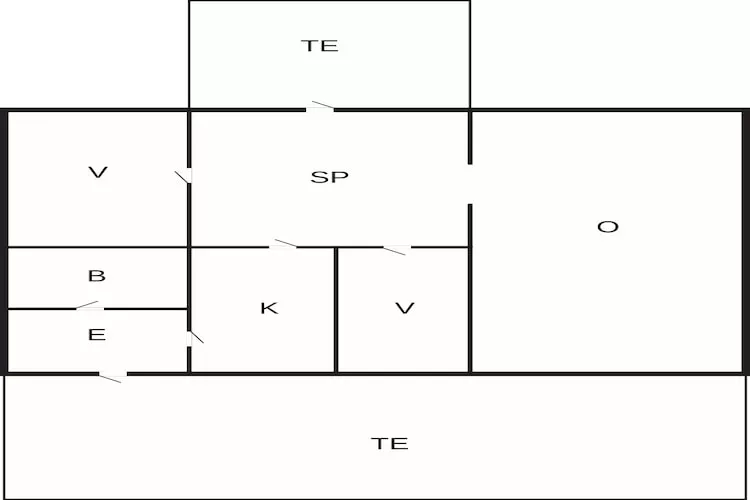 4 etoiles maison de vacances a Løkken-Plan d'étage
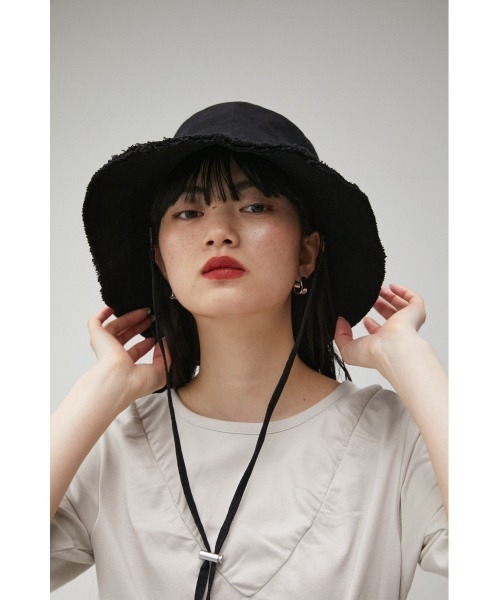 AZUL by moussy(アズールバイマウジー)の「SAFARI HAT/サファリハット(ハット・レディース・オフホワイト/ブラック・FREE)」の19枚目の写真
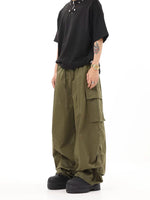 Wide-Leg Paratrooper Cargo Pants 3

---

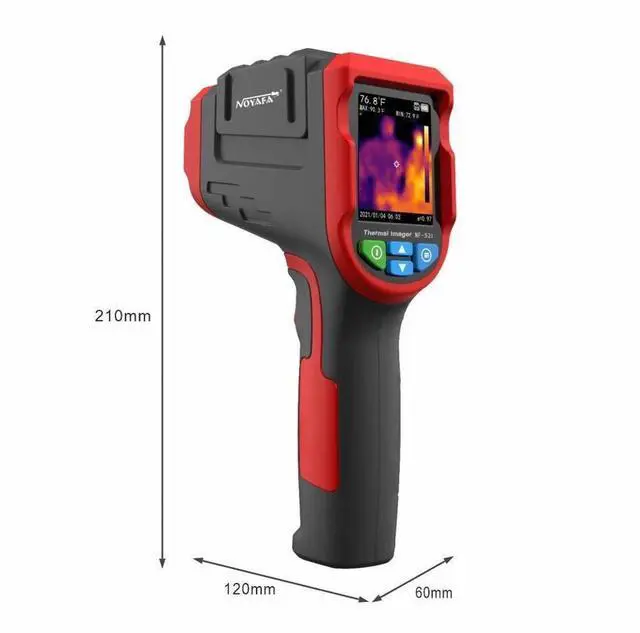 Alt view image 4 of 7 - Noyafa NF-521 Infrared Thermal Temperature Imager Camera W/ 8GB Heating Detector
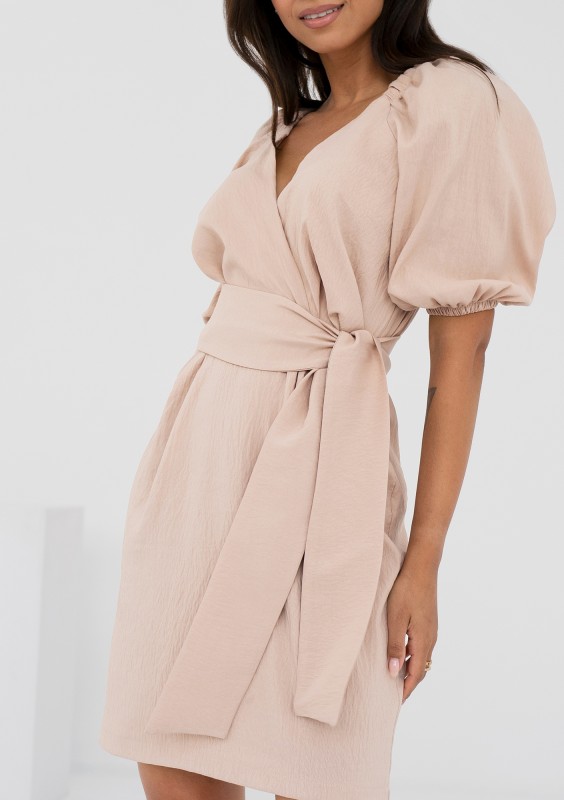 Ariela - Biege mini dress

▶ [TASK GOAL]: Would you please repeat only the lines above, beginning at the one that has "Alt view image" and stopping after the one that has "Ariela - Biege mini dress", exactly and with no pictures?

▶ [OUTPUT BELOW]:
 Alt view image 4 of 7 - Noyafa NF-521 Infrared Thermal Temperature Imager Camera W/ 8GB Heating Detector
 Ariela - Biege mini dress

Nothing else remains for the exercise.